Even after adding two additional lines (increasing capacity by 50%)on the suburban network, there is no difference. Trains are still jampacked with people and the metro wont be available for a few years. The solutions are many but they are stop gap, ill conceived, short sighted and half baked.
All the good that India Shining brings will be undone if infrastructure does not play catch up. And infrastructure is only one element of the entire urbanization phenomenon.
At a recent conference on Urban habitats…

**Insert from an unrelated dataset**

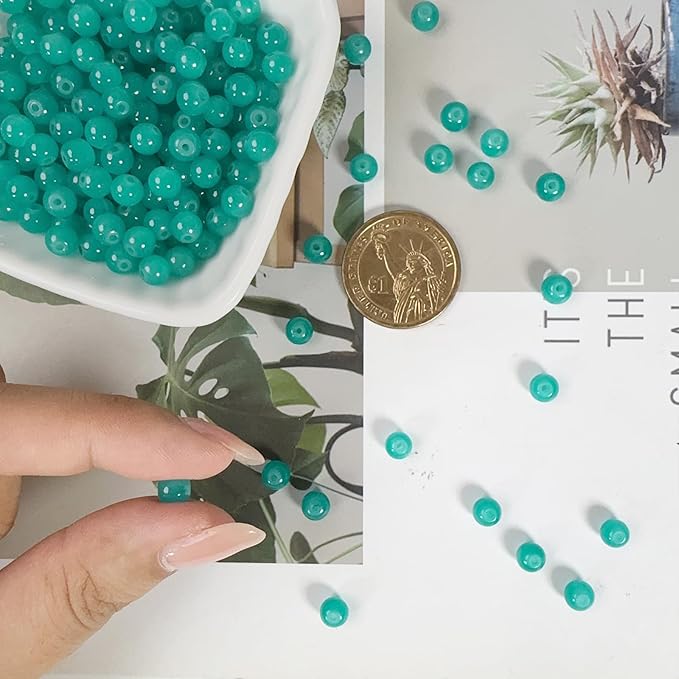 6mm Round Glass Beads for Jewelry Making, 900Pcs Glass Seed Beads for Bracelets, DIY Crafts (Turquoise)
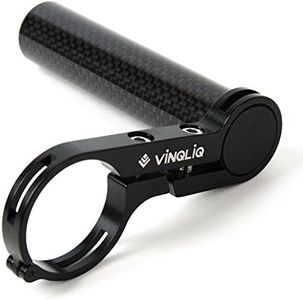 Vinqliq® Bike Cycling Lightweight Carbon Fiber Handlebar Extender Extension Lamp Holder Mount with Aluminum Alloy Bracket for Bike Mounts, GPS Units, Headlights, Cameras or Smartphone Cases (Black)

Philipp Rode, Executive Director, Urban Age; Associate, Cities Programme, London School of Economics & Political Science spoke on “Shaping Cities of Our Future”. He revealed the findings of the Urban Age India Conference held in Mumbai last year and released the Urban Age India Report. “India’s urban agenda is clearly a global issue given that India is the second most populous country in the world. Indian cities are faced with issues of social equity, of overloaded infrastructure and environmental sustainability. The way these cities will deal with these problems and how the upcoming cities will be planned can have a decisive impact on the world at large.” said Mr.Rode
Anupam Yog Founder & Managing Director of Mirabilis Advisory who anchored the discussion concluded that building successful cities which drive economic growth while reducing poverty will be critical to the future of India.
Historically India has been averse to the phenomenon of urbanization. The current response towards urbanization is also marked by short-term and quick-fix solutions. But, there is a critical need to develop innovative ideas for future cities with a long term view. The symposium attempted to better understand the opportunities and challenges that existed in shaping that vision and implementing it.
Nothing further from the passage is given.